# EXERCISE OBJECTIVE:
The line containing "Maison de poupée de" marks the end: quote every line from the start of the records below through it, word for word.

______

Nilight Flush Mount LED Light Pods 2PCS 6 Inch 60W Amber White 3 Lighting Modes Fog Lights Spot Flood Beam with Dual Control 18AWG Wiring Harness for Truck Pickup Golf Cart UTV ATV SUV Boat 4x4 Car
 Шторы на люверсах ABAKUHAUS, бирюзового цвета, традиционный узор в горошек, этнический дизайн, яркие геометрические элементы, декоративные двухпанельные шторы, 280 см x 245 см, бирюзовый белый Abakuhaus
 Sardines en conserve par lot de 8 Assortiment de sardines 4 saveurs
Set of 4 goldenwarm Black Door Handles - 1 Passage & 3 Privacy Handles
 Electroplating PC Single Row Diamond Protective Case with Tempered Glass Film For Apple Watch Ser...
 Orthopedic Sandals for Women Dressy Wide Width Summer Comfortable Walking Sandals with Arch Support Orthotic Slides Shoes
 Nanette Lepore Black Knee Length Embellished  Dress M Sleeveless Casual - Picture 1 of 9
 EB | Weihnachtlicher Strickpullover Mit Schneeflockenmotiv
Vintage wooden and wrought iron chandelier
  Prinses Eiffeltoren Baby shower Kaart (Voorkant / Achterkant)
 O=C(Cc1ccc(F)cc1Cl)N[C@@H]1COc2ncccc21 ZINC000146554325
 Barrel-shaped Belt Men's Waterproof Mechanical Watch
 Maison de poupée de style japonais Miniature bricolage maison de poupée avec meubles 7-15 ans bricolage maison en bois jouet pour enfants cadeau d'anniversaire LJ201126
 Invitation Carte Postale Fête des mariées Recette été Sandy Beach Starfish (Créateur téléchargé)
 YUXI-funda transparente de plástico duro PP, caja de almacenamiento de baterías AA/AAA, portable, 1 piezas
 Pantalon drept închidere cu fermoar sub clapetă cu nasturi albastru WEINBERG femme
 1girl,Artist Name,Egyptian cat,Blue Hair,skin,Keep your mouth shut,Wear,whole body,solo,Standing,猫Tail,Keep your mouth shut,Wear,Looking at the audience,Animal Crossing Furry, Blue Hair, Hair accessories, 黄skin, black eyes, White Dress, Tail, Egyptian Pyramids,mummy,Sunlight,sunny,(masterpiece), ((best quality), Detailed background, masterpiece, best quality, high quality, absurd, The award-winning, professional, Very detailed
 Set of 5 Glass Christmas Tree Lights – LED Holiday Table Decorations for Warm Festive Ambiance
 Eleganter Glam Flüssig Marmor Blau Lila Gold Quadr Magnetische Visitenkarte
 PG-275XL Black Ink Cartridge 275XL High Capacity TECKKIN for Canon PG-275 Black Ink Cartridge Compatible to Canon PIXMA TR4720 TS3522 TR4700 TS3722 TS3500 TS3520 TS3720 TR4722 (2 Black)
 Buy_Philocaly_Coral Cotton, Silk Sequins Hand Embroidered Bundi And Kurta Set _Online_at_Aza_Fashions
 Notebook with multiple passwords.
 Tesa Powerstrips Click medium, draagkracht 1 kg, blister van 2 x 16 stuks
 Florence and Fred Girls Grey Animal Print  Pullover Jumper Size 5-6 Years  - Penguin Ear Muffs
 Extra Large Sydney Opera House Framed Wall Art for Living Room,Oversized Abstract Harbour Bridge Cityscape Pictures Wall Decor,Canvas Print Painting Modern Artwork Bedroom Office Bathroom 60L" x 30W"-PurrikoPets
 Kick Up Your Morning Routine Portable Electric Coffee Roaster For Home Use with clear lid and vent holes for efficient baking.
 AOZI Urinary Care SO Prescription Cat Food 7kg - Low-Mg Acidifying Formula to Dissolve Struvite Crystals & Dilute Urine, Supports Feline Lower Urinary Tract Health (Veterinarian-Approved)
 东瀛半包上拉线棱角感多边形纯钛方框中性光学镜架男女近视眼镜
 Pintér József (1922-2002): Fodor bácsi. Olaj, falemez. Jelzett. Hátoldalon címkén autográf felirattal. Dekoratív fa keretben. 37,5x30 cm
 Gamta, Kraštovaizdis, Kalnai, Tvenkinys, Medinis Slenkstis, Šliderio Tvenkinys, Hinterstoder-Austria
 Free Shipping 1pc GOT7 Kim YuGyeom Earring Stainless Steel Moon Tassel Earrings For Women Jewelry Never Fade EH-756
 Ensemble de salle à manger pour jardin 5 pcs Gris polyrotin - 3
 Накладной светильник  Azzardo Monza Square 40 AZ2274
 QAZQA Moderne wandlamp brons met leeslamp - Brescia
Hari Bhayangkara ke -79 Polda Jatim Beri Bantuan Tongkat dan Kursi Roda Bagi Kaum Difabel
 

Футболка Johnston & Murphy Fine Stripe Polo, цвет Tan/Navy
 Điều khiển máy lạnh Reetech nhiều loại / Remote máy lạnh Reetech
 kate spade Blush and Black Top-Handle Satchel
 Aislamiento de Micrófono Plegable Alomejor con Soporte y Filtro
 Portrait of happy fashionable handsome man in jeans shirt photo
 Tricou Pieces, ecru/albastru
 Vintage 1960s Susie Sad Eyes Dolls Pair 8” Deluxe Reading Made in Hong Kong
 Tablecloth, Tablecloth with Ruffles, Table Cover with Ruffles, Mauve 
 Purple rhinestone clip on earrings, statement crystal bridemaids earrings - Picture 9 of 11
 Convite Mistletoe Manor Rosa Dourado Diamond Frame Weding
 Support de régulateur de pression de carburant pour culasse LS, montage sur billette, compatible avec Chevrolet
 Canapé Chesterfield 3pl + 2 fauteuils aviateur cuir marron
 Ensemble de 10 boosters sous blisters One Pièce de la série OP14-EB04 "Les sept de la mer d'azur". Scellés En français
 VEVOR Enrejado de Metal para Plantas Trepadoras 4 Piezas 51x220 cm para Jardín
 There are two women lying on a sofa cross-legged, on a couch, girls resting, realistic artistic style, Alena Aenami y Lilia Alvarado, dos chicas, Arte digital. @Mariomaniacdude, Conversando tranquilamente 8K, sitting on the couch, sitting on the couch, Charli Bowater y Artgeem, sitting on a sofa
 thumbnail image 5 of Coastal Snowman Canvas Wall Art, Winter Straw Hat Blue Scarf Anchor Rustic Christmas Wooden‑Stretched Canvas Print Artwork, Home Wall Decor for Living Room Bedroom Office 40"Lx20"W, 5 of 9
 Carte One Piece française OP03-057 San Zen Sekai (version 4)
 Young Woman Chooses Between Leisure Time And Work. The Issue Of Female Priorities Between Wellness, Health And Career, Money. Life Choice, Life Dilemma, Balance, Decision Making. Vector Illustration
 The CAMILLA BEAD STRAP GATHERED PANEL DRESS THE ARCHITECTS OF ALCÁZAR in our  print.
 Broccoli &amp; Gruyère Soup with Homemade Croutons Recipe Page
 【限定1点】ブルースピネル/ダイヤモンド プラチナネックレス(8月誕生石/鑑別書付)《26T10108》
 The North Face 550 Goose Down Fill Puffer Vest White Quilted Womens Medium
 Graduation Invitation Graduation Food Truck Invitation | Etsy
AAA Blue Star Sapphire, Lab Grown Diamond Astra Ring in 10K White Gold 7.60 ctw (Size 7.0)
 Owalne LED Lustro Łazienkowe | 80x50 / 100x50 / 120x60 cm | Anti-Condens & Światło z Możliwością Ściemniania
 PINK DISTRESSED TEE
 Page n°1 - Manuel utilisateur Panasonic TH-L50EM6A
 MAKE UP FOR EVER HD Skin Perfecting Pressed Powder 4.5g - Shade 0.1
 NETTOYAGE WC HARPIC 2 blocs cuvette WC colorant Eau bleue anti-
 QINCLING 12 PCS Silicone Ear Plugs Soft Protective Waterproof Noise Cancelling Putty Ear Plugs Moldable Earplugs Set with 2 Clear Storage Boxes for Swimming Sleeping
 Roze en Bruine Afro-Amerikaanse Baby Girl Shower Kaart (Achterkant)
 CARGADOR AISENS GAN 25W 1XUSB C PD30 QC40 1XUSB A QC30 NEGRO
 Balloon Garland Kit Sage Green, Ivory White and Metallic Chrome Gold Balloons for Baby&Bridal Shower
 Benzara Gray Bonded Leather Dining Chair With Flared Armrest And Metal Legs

______

# TASK OUTPUT:
Nilight Flush Mount LED Light Pods 2PCS 6 Inch 60W Amber White 3 Lighting Modes Fog Lights Spot Flood Beam with Dual Control 18AWG Wiring Harness for Truck Pickup Golf Cart UTV ATV SUV Boat 4x4 Car
 Шторы на люверсах ABAKUHAUS, бирюзового цвета, традиционный узор в горошек, этнический дизайн, яркие геометрические элементы, декоративные двухпанельные шторы, 280 см x 245 см, бирюзовый белый Abakuhaus
 Sardines en conserve par lot de 8 Assortiment de sardines 4 saveurs
Set of 4 goldenwarm Black Door Handles - 1 Passage & 3 Privacy Handles
 Electroplating PC Single Row Diamond Protective Case with Tempered Glass Film For Apple Watch Ser...
 Orthopedic Sandals for Women Dressy Wide Width Summer Comfortable Walking Sandals with Arch Support Orthotic Slides Shoes
 Nanette Lepore Black Knee Length Embellished  Dress M Sleeveless Casual - Picture 1 of 9
 EB | Weihnachtlicher Strickpullover Mit Schneeflockenmotiv
Vintage wooden and wrought iron chandelier
  Prinses Eiffeltoren Baby shower Kaart (Voorkant / Achterkant)
 O=C(Cc1ccc(F)cc1Cl)N[C@@H]1COc2ncccc21 ZINC000146554325
 Barrel-shaped Belt Men's Waterproof Mechanical Watch
 Maison de poupée de style japonais Miniature bricolage maison de poupée avec meubles 7-15 ans bricolage maison en bois jouet pour enfants cadeau d'anniversaire LJ201126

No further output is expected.